**Required work**
Each line from the first down to the one containing "17875 Collins Ave 4303/04" should be returned exactly as it appears below.

•••••

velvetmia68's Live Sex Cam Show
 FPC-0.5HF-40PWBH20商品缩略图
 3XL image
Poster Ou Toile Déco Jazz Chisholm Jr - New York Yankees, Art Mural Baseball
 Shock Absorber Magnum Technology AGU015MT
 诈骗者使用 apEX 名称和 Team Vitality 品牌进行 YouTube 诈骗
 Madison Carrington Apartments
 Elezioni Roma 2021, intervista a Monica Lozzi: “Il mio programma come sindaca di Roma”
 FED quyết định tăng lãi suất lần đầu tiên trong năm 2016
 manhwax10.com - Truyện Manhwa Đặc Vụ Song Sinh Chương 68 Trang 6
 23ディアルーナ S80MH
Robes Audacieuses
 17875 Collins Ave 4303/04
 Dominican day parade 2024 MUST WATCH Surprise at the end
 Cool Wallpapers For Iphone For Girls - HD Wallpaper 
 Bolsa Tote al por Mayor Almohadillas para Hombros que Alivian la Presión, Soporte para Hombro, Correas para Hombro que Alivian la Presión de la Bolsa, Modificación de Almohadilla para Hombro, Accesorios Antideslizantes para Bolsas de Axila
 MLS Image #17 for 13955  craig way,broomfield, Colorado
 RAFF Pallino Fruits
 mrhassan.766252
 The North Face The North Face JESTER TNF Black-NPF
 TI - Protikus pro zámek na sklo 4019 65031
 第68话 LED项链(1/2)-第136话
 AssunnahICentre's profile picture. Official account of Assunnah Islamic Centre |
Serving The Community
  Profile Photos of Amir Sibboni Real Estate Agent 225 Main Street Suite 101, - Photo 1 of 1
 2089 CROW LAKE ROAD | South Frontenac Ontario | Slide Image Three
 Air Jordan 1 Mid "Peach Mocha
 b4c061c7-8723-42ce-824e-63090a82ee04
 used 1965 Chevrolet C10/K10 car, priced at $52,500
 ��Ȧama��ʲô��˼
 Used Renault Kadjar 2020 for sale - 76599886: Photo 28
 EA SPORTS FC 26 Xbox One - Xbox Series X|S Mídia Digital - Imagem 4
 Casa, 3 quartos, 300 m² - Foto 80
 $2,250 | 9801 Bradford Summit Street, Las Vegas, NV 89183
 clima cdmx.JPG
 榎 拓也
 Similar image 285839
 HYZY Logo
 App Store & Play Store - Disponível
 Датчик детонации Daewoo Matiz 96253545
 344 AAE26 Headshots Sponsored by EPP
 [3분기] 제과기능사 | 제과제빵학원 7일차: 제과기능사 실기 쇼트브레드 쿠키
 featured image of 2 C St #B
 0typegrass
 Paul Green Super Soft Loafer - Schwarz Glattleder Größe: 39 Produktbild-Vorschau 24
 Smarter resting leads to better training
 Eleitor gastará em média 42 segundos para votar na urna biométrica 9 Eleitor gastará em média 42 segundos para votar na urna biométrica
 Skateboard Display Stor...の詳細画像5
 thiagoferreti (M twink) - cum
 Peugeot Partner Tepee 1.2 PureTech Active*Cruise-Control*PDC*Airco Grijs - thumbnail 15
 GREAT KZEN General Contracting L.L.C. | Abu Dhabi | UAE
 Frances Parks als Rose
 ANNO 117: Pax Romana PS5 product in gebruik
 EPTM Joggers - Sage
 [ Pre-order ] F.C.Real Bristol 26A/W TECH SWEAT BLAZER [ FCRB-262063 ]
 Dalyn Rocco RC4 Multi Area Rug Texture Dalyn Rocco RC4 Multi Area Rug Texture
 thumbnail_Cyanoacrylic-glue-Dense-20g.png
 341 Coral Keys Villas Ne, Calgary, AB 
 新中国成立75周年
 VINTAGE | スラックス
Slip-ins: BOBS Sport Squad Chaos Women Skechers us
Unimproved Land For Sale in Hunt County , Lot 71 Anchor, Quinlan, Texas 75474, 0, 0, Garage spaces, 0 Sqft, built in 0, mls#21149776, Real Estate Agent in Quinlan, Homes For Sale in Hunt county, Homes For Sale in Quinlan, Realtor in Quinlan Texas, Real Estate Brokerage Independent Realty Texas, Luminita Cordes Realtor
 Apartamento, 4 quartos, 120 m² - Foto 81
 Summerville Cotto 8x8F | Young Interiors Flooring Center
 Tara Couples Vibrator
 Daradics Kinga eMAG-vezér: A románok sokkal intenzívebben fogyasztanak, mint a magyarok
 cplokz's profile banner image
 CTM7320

•••••

**Response for this exercise**
velvetmia68's Live Sex Cam Show
 FPC-0.5HF-40PWBH20商品缩略图
 3XL image
Poster Ou Toile Déco Jazz Chisholm Jr - New York Yankees, Art Mural Baseball
 Shock Absorber Magnum Technology AGU015MT
 诈骗者使用 apEX 名称和 Team Vitality 品牌进行 YouTube 诈骗
 Madison Carrington Apartments
 Elezioni Roma 2021, intervista a Monica Lozzi: “Il mio programma come sindaca di Roma”
 FED quyết định tăng lãi suất lần đầu tiên trong năm 2016
 manhwax10.com - Truyện Manhwa Đặc Vụ Song Sinh Chương 68 Trang 6
 23ディアルーナ S80MH
Robes Audacieuses
 17875 Collins Ave 4303/04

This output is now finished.